== Segment start ==

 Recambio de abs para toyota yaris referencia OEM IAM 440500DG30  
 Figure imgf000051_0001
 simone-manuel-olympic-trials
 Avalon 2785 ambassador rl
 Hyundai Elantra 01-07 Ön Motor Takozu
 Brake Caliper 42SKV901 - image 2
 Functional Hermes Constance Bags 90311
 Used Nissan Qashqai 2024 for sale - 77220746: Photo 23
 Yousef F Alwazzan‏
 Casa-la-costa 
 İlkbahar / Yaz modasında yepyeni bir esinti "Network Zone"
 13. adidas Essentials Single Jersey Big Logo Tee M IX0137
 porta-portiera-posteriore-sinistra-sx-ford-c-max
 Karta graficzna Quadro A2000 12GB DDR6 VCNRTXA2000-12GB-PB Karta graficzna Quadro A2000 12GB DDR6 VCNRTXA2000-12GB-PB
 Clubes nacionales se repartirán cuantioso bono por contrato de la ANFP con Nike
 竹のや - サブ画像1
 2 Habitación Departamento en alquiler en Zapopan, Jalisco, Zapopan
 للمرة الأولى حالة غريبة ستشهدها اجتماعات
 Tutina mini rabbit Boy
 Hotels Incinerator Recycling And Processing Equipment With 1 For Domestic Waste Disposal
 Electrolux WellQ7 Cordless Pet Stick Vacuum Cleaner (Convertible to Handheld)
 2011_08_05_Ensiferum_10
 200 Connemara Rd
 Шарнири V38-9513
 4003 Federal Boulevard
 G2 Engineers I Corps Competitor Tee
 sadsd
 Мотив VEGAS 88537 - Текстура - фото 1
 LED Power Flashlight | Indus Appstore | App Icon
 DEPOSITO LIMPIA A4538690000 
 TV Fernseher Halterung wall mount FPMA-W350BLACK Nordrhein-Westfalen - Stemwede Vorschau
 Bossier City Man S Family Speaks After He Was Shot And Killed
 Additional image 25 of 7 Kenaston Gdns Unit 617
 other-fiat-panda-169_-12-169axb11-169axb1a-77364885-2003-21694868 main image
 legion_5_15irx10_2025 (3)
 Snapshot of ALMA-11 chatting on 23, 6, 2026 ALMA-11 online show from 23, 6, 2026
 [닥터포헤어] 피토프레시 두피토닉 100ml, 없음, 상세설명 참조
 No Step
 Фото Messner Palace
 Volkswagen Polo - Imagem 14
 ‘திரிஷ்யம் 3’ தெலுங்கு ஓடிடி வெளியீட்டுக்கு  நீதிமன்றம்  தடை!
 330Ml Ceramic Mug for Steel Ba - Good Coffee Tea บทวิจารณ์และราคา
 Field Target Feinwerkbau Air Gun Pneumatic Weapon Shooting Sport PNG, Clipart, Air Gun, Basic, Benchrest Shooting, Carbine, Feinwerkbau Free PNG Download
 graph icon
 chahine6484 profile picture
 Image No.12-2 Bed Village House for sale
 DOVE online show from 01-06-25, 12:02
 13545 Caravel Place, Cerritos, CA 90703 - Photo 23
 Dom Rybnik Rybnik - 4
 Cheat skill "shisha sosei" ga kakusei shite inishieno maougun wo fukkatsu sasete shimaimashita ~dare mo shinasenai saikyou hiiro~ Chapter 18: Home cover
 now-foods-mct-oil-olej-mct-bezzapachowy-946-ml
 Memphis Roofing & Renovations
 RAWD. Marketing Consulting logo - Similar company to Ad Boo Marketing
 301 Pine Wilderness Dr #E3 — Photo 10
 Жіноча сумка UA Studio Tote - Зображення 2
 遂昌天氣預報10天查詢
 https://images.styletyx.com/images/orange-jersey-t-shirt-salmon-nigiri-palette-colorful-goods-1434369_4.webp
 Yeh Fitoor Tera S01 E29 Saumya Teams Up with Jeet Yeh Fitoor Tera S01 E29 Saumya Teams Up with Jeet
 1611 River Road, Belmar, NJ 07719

== Segment end ==

Only lines with the word "online" are wanted; pull each of them from the records.

> _RESPONSE AREA_
 Snapshot of ALMA-11 chatting on 23, 6, 2026 ALMA-11 online show from 23, 6, 2026
 DOVE online show from 01-06-25, 12:02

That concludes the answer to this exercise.